The Years of Potato and Maize

If you're not familiar with Kim Stanley Robinson's The Years of Rice and Salt, it's when the Black Death kills 99% of everyone living in Europe, setting up for the dominance of the Middle East and China. Well this is a bit different. The Black Death kills 99% of Europe, the Middle East, India, China and Egypt. Basically, everyone along the Silk Road.

What happens to the Americas, Africa and Oceania?
 

Stephen

Banned
99% still leaves 1% alive the population will bounce back and in a few thousand years you have a repeat of OTL.
 
The one percent will still retain a lot of advantages over the New World Cultures, but a repeat of OTL? That's certainly not going to happen.

One of the few severe flaws of the book is that it has the non-European world behaving almost exactly as it did with Europe. The Chinese, for example, at first behave almost exactly as in OTL, despite the fact that the importation of New World crops radically altered the status quo there. Then they go and discover the New World not long after Columbus did. Then a random Uzbek state develops the entire proto-Scientific Revolution and Scientific Revolution (that took Europe centuries) all in about 20 years. By the modern era they appear entirely caught up with OTL. A more realistic take would have much slower technological development. Similarly, it would be questionable whether the Amerindians would have caught up, given even a thousand years to do so.

Still it'd be interesting to see what they would have done with all that time. The continents were always undergoing change - it'd be fascinating to see where it went.
 
The one percent will still retain a lot of advantages over the New World Cultures, but a repeat of OTL? That's certainly not going to happen.

One of the few severe flaws of the book is that it has the non-European world behaving almost exactly as it did with Europe. The Chinese, for example, at first behave almost exactly as in OTL, despite the fact that the importation of New World crops radically altered the status quo there. Then they go and discover the New World not long after Columbus did. Then a random Uzbek state develops the entire proto-Scientific Revolution and Scientific Revolution (that took Europe centuries) all in about 20 years. By the modern era they appear entirely caught up with OTL. A more realistic take would have much slower technological development. Similarly, it would be questionable whether the Amerindians would have caught up, given even a thousand years to do so.
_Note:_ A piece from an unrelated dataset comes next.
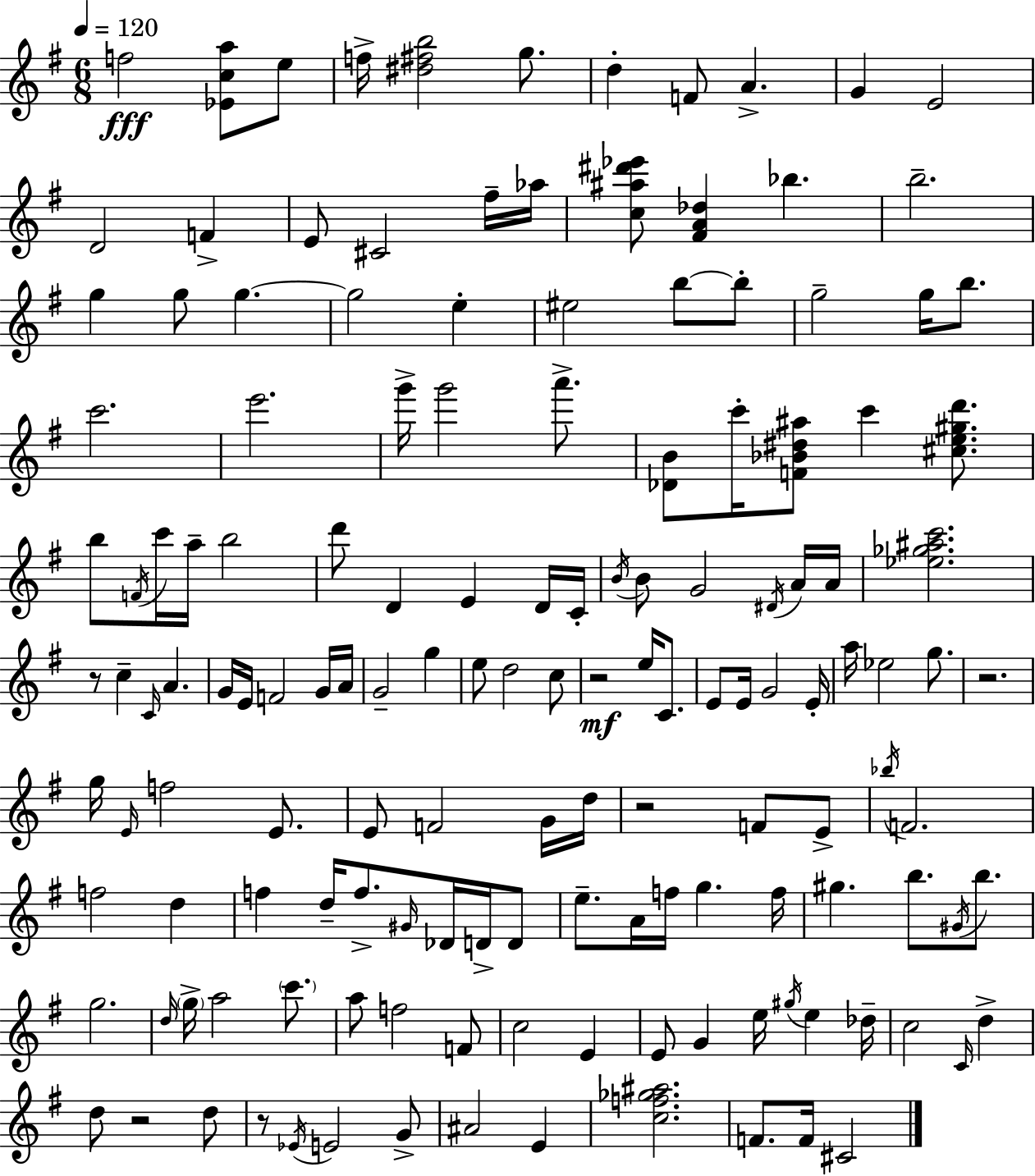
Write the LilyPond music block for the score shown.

Still it'd be interesting to see what they would have done with all that time. The continents were always undergoing change - it'd be fascinating to see where it went.
That's only a flaw as straight AH. From the perspective of the book, it makes total sense. Everything happens similarly to OTL because it's the same souls in the same groups. Everyone gets reincarnated, so the same people who developed OTL are just shifted in ATL.